“La paranza dei bambini”: la Google Generation di Gomorra
La paranza dei bambini è la figliazione di Gomorra, tanto del libro quanto della Serie Tv. L’incipit ha lo stesso valore simbolico del container che vomita cadaveri cinesi. Siamo immediatamente catapultati in un mondo infernale ad alto impatto visivo. Il lettore è spiazzato e messo sull’avviso. La situazione è ripugnante. Stomachevole. Difficile da affrontare, letteralmente e metaforicamente. L’estremizzazione surreale dell’inizio è paradossalmente il viatico del neorealismo. Saviano stabilisce un patto con il pubblico: se crede alla verosimiglianza dell’introduzione, allora potrà essere sicuro che l’intera storia è più vera della stessa realtà. Scegliendo di leggere il libro, il lettore accetta di lasciarsi guidare nei meandri della MalaNapoli.
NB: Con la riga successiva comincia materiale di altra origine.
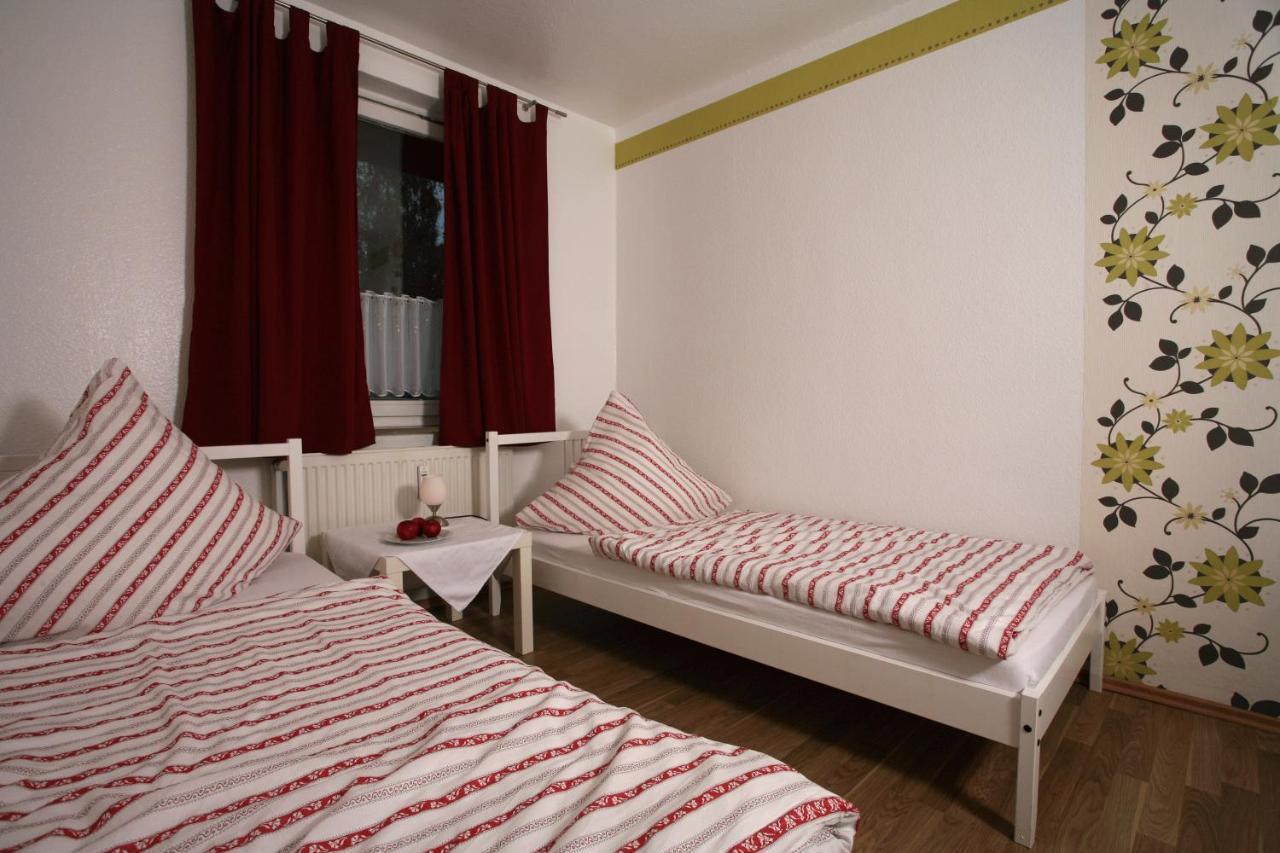 Ferienwohnung Zum Alten Zollhaus Bergen an der Dumme エクステリア 写真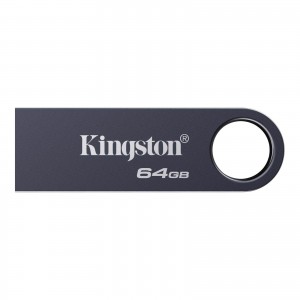 USB disk Kingston 64GB DT SE9 G3, 3.2, 220/100MB/s, kovinski, nikelj barva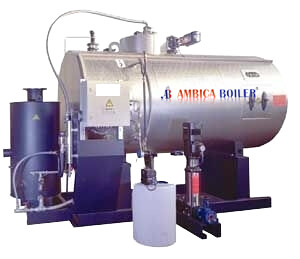 Smoke tube Package Steam Boiler by boilersmfgindia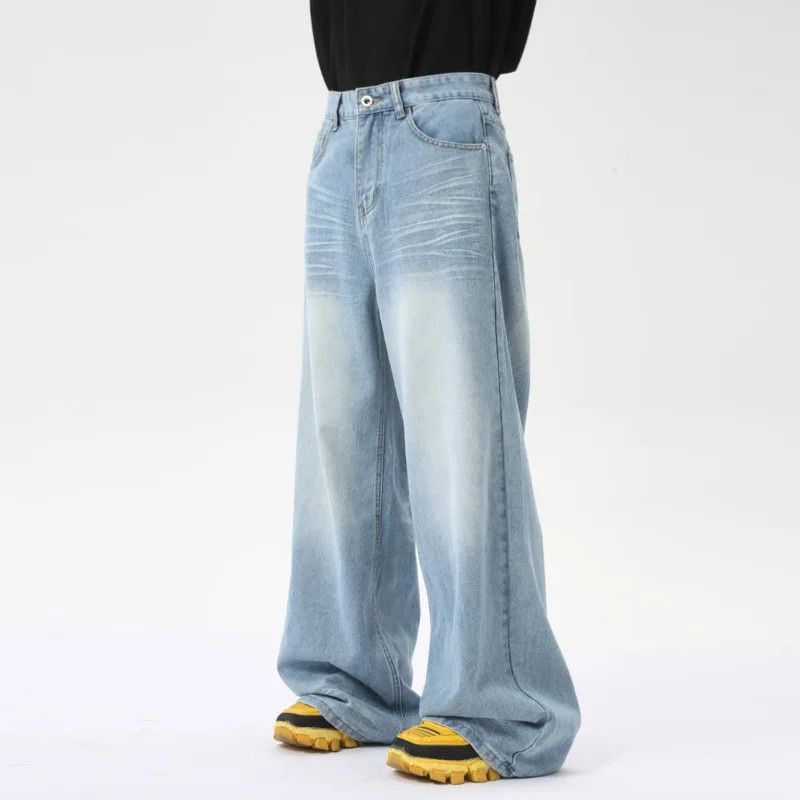 Jean × Vintage Y2k Denim Jeans Size US 32 / EU 48 - 2 Thumbnail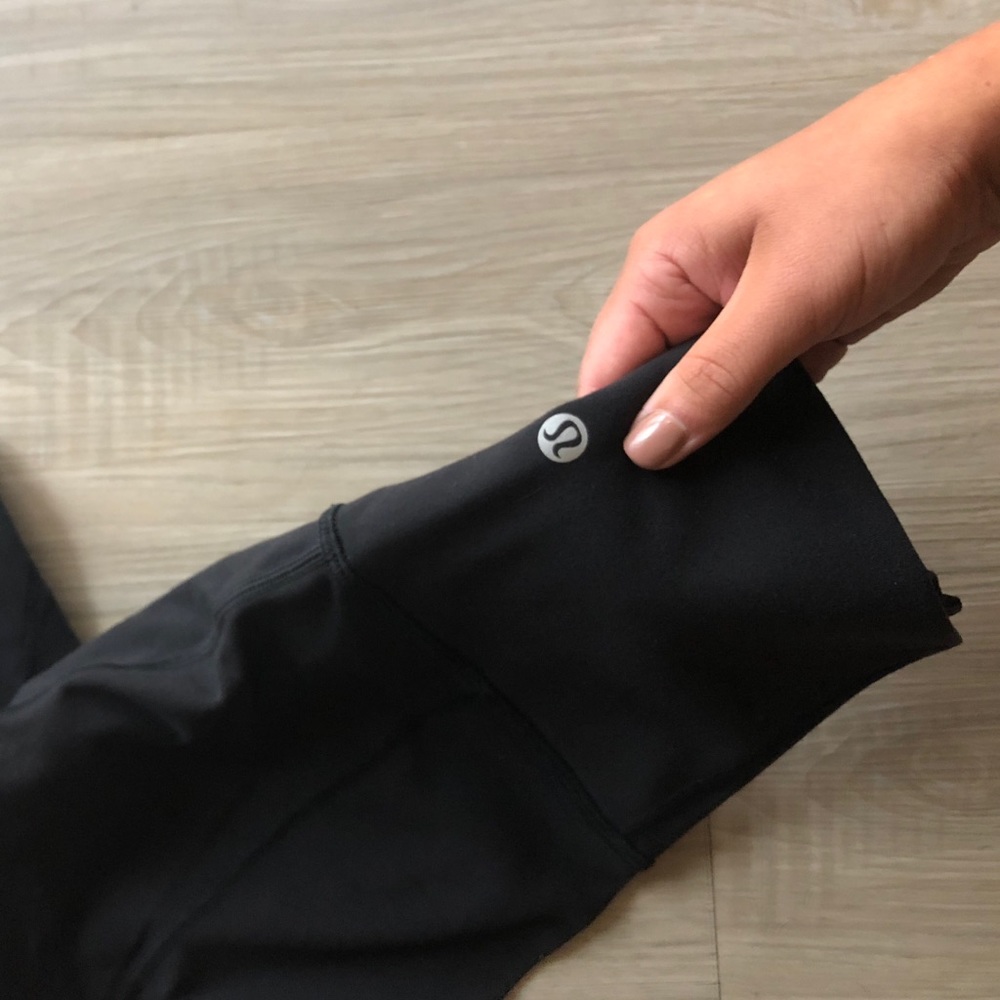 Lululemon mesh 7/8 leggings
Lo squarcio nel “ventre” della Napoli post-novecentesca cattura e avvince l’audience del centro-nord, affascinata dal racconto della camorra napoletana (di cui nulla conoscono), spinta dalla morbosa curiosità di chi pensa che le mafie siano, in fondo e nonostante tutto, un male meridionale e che gli stereotipi siano soltanto un’altra forma della realtà. Così, dopo aver dato fiducia allo scrittore, ripongono il libro doppiamente soddisfatti: da un lato hanno appagato la propria coscienza civica; dall’altro hanno la certezza che quell’Italia violenta e senza scrupoli, dove anche i bambini sono arruolati in una guerriglia urbana senza fine, non appartenga loro (dimenticando, volutamente, di vivere anch’essi sotto l’influenza di un silente dominio mafioso).
Saviano, piaccia o meno, ha portato alla ribalta nazionale, l’epica criminale mafiosa (e le polemiche innescate dalle sua dichiarazioni confermano l’interesse mediatico suscitato dal tema in questione). Una narrazione avvincente, impastata di citazioni letterarie e cinematografiche, che separa gli italiani dai napoletani, costretti, questi ultimi, a vivere in una dimensione di conflitto permanente, anche se non hanno niente da spartire con la camorra.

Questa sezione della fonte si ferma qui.